(AIM OF THE TASK): Extract precisely the lines of the entries below, from the first line through the line containing "Ekru Slim Fit".

(Brief descriptive captions)
###
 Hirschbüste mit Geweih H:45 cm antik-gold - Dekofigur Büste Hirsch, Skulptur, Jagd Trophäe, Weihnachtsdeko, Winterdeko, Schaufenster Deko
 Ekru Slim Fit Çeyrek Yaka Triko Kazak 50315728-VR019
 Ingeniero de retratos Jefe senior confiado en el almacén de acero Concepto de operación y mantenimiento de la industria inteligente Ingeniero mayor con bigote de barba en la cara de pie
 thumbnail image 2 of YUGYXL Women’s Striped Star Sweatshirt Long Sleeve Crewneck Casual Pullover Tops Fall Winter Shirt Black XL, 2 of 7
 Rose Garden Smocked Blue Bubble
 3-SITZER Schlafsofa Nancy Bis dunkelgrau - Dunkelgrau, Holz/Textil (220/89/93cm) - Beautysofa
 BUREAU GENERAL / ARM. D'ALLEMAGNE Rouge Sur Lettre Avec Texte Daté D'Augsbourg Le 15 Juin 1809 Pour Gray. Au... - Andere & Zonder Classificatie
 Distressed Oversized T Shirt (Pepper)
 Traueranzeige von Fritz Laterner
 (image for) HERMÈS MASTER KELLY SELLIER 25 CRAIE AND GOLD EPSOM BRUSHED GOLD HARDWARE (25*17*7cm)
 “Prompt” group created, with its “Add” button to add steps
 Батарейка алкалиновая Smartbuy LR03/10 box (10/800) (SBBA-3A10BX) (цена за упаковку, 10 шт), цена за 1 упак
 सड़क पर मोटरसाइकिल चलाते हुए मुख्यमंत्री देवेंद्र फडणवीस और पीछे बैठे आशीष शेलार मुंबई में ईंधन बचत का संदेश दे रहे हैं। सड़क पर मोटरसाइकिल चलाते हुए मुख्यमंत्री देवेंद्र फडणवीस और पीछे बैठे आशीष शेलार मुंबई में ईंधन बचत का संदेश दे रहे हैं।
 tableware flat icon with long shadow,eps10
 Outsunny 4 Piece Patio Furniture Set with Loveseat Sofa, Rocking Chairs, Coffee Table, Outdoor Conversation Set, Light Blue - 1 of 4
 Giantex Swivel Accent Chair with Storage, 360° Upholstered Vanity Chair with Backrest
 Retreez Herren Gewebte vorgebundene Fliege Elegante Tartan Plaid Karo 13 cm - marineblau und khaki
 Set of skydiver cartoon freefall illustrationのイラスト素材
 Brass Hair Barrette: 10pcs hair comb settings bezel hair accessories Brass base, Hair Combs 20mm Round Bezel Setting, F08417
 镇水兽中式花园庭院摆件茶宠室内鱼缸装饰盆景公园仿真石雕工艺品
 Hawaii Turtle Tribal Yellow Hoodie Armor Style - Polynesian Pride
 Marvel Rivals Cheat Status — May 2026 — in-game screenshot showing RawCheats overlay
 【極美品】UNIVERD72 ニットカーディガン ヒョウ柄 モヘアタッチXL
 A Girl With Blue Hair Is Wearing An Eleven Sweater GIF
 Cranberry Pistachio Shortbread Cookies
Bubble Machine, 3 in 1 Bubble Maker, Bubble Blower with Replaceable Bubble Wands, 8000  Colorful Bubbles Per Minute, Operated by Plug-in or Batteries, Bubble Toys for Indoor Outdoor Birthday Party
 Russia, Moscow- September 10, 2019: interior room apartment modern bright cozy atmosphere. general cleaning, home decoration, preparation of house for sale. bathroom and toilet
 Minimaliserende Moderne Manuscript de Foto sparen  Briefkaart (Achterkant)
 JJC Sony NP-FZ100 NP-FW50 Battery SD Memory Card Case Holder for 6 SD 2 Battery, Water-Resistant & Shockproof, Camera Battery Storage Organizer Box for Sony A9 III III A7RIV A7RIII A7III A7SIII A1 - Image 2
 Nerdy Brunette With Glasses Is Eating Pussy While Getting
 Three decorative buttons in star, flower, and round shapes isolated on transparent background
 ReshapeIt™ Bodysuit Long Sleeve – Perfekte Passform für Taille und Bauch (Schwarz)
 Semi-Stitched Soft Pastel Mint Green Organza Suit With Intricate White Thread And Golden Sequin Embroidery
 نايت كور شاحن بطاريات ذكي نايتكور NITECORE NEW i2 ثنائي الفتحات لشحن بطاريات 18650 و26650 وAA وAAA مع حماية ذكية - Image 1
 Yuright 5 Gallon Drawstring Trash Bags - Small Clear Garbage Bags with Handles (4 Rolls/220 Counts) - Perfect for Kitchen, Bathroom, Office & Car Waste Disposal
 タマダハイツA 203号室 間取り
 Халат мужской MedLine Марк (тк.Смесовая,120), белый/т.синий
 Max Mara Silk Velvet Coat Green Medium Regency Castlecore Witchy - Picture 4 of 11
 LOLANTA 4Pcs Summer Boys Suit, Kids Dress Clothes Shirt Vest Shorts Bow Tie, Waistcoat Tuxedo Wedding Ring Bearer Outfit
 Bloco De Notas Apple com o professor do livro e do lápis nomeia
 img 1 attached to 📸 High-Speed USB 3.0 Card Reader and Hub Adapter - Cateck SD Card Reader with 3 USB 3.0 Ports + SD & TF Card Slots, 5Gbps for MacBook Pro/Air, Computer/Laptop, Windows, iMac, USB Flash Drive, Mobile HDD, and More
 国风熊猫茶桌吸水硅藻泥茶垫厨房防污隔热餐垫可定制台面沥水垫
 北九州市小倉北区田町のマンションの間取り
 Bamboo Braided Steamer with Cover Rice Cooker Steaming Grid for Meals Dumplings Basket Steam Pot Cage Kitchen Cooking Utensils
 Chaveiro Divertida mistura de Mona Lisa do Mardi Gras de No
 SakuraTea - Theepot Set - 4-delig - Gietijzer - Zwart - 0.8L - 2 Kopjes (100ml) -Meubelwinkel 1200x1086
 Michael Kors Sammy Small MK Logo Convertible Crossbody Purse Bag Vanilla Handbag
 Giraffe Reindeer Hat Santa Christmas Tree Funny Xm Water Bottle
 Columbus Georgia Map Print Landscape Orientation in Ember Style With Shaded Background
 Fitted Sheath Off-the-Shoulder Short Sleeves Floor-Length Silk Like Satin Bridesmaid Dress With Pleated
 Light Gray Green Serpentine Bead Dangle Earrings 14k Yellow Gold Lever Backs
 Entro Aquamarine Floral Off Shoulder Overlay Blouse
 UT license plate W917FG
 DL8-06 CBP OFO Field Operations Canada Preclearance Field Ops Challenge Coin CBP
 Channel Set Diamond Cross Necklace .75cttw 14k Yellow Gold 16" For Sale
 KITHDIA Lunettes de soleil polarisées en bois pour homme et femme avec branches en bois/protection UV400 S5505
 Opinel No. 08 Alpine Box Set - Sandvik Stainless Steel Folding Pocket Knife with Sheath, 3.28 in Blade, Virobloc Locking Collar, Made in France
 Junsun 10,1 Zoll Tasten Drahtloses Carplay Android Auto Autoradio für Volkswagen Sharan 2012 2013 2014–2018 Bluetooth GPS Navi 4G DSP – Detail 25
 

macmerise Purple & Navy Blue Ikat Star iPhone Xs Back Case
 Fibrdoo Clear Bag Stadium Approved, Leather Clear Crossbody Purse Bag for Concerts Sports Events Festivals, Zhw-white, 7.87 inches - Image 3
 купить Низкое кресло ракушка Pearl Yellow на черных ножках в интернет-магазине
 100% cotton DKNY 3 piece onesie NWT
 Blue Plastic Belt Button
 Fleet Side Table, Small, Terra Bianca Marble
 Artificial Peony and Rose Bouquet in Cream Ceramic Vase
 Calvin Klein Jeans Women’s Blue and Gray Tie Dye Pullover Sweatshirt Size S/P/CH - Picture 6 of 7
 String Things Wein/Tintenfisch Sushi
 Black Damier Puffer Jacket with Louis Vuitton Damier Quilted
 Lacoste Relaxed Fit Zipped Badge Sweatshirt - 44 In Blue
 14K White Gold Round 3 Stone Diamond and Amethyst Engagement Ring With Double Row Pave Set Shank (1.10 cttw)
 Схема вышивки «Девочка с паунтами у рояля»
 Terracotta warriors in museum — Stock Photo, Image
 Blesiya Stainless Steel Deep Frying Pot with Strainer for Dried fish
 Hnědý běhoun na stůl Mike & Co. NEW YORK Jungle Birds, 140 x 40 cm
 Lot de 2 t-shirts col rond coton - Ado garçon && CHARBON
###
(TASK ANSWER):
 Hirschbüste mit Geweih H:45 cm antik-gold - Dekofigur Büste Hirsch, Skulptur, Jagd Trophäe, Weihnachtsdeko, Winterdeko, Schaufenster Deko
 Ekru Slim Fit Çeyrek Yaka Triko Kazak 50315728-VR019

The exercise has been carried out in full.